In an ideal world I would have opted for another 50 Bravia, alas financial and space constraints meant that we would have to settle for a 32 television and was slightly concerned that I would struggle to adjust to such a smaller display. My wife made the comment that it would look like a handheld console. These concerns turned out to be completely unfounded as soon as it was delivered and removed from the protective packaging, as the display looks deceptively larger than it actually is thanks to the silver finishing.
The first and only mistake Ill hold my hands up to here is that I didnt even think about a stand or wall mounting when ordering the television and assumed that it would sit quite nicely on a set of draws. What I hadnt calculated was that the base to the television would actually be longer than our sets of draws, so positioning it was impossible and a further purchase of a wall bracket was required. This added a further £150 onto the price and large amounts of DIY trying to fit it into the wall with screws roughly the size of my forearm. Thankfully the weight of the entire television is only 14 kilograms so positioning and movement doesnt require an army of helpers. Now with hindsight, and if we had room within our bedroom I would have purchased a stand, as they do work out cheaper at only £79.

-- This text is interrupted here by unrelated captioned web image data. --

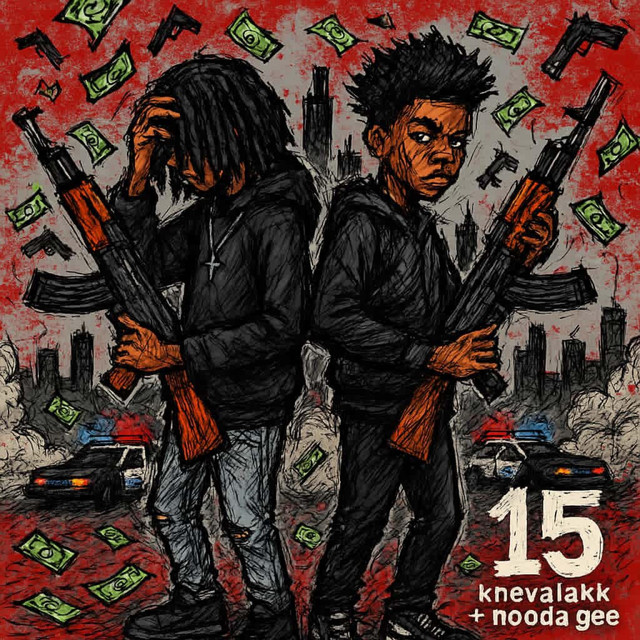 15 (Audio)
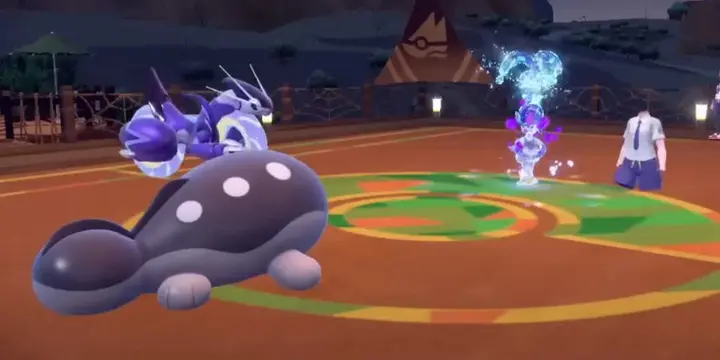 pokemon scarlet violet bugf1669375544
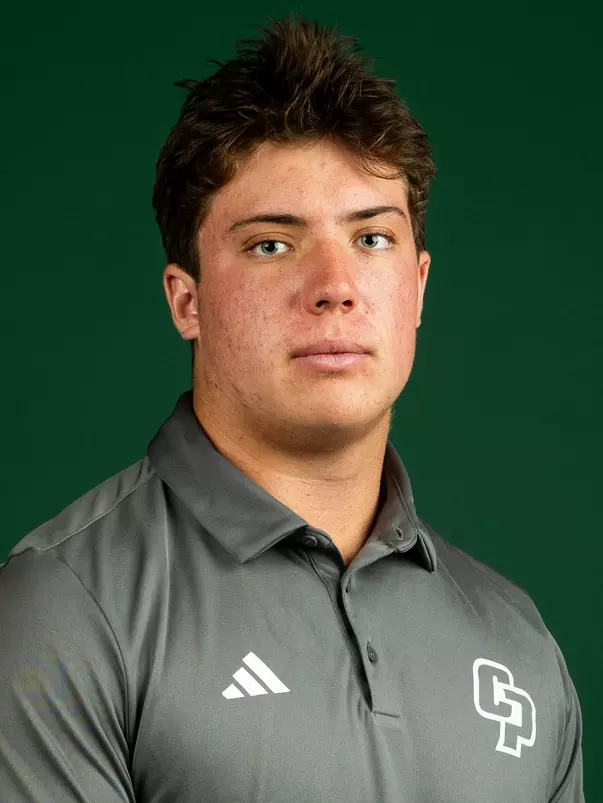 Bertsch, Garrett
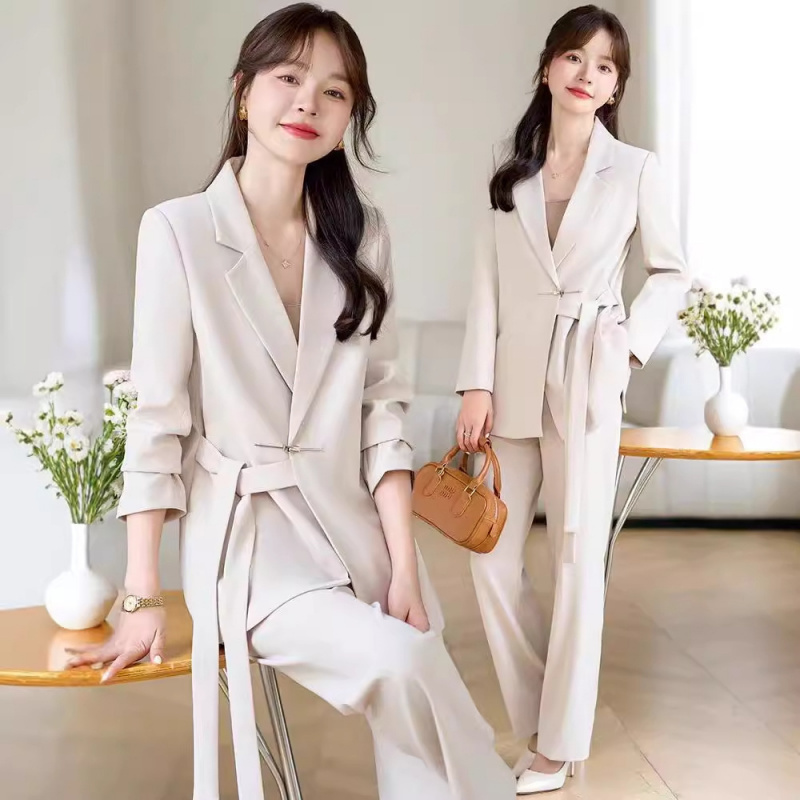 Высококачественный комплект ко – обзор и цена High End Women'S Formal Wear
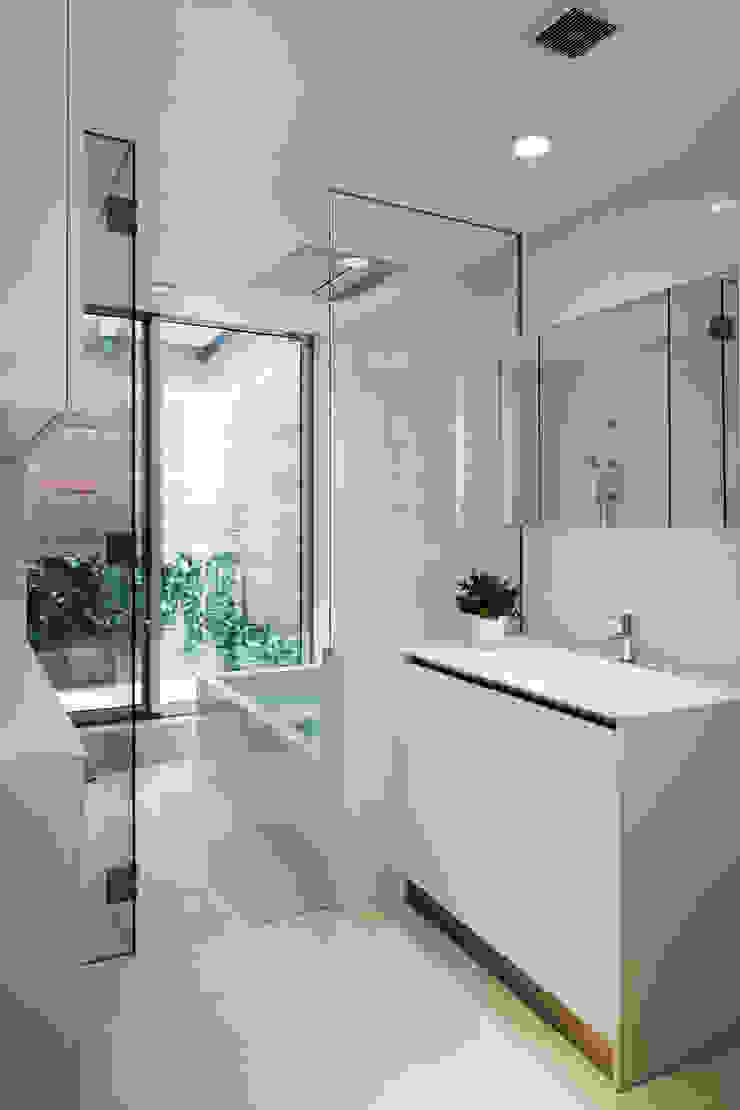 アトリエ スピノザ Kamar Mandi Modern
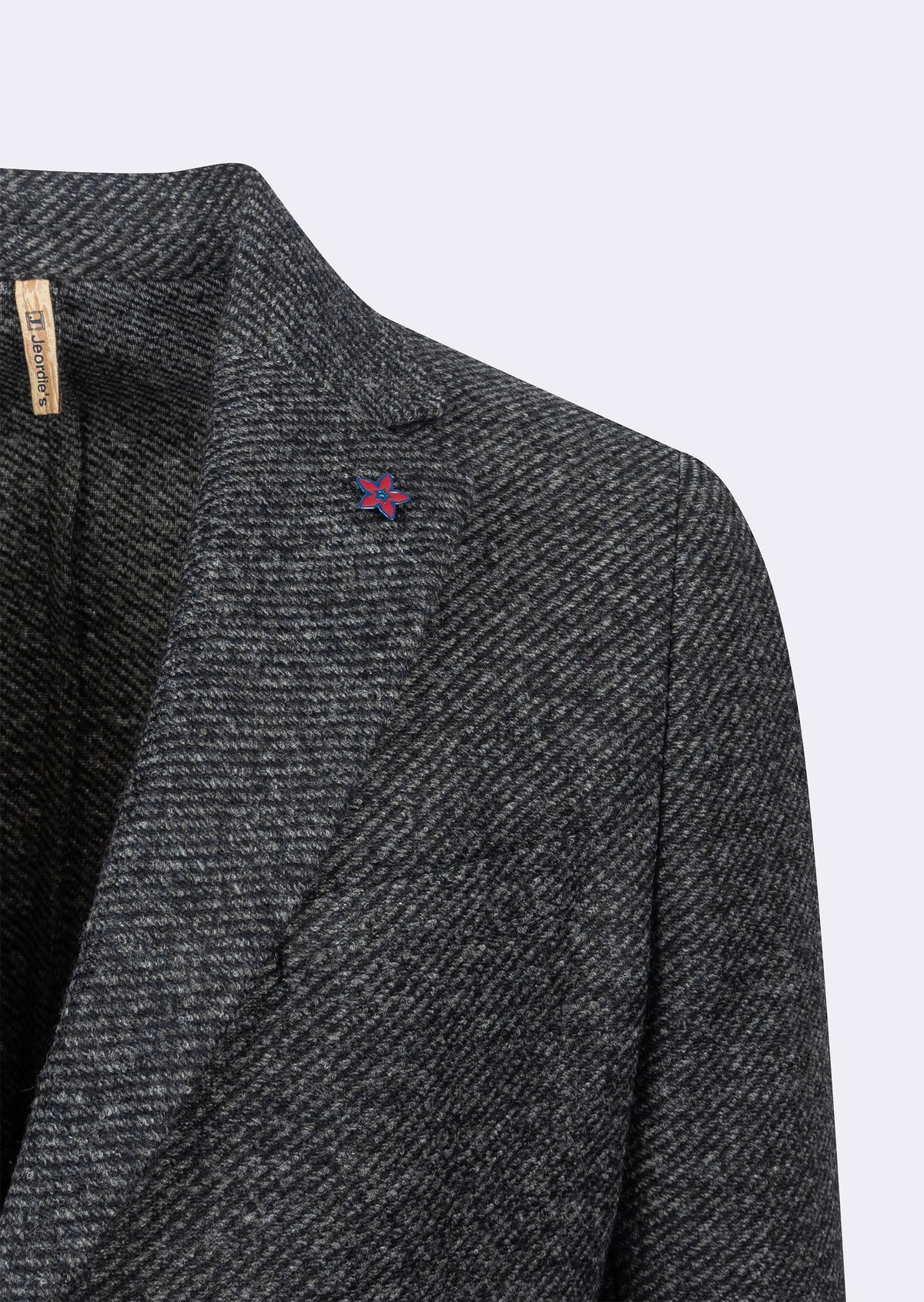 Navy Blazer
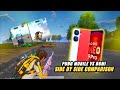IQOO NEO 9 PRO PUBG 🆚 BGMI FPS TEST 💥 SMOOTH + 90FPS 3.4 UPDATE LAG HEATING &amp; BATTERY DRAIN ISSUE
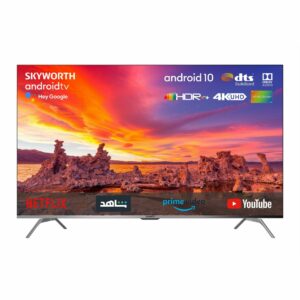 TELEVISION SKYWORTH SMART TV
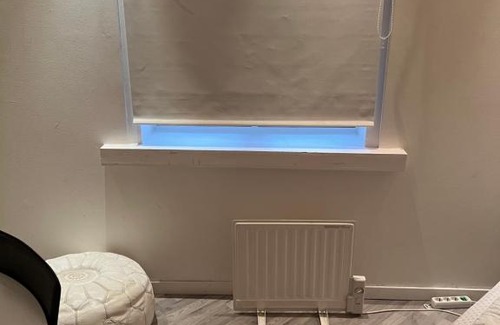 Frogner House | Skillebekk empty nest
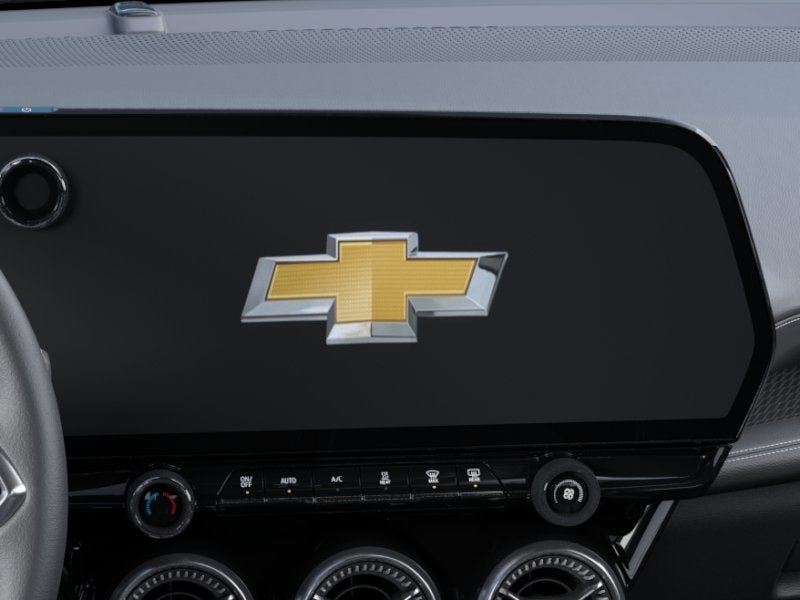 2025 Chevrolet Blazer EV LT - Photo 51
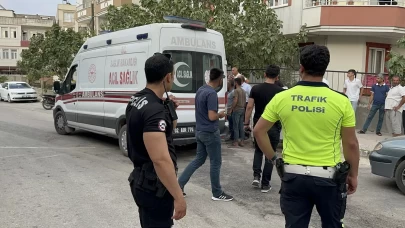 Akrabalar arasındaki kavga hastanede bitti: 2 yaralı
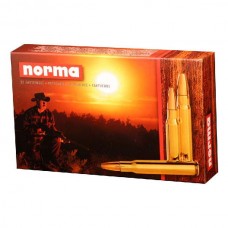 Патрон 300WM Norma 9,7 Nosler BST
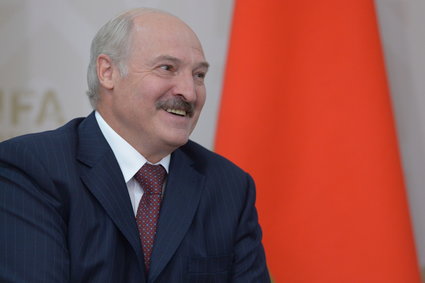 Łukaszenka chce, by Białoruś była centrum rozwoju blockchainu. Planuje ulgi podatkowe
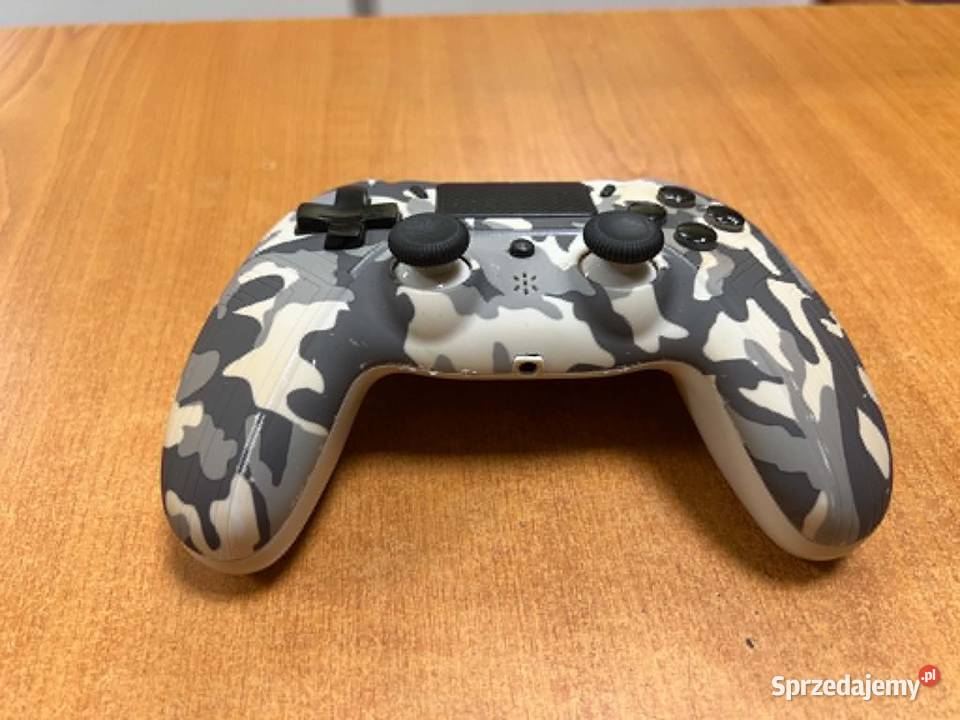 Kontroler Cobra QSP461CGR PC4 Motyw Camo Elbląg
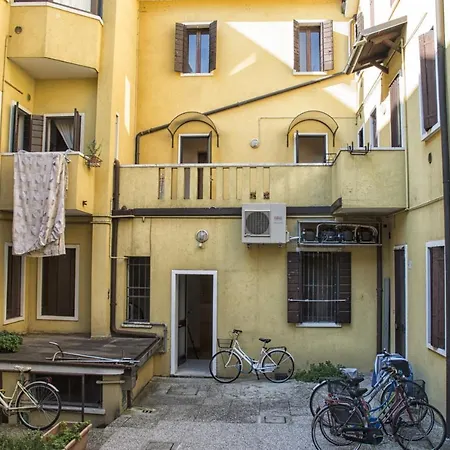 Apartamento Umberto I *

The television can be mounted onto a wall without any sort of hassle at it lacks the depth of the larger Bravia models. At its deepest point from the bottom speaker to the rear of the television is only 12.5cm, whilst the visible screen is 54.8cm high by 79.7cm wide. The screen is made from what feels like a very thin layer of glass which means that any form of cleaning has to be done very carefully and that it should be positioned well away from any sort of knocks or bumps as I can see it cracking if subjected to any sharp knocks. I am petrified of falling and head butting the display when drunk as it is now at face height!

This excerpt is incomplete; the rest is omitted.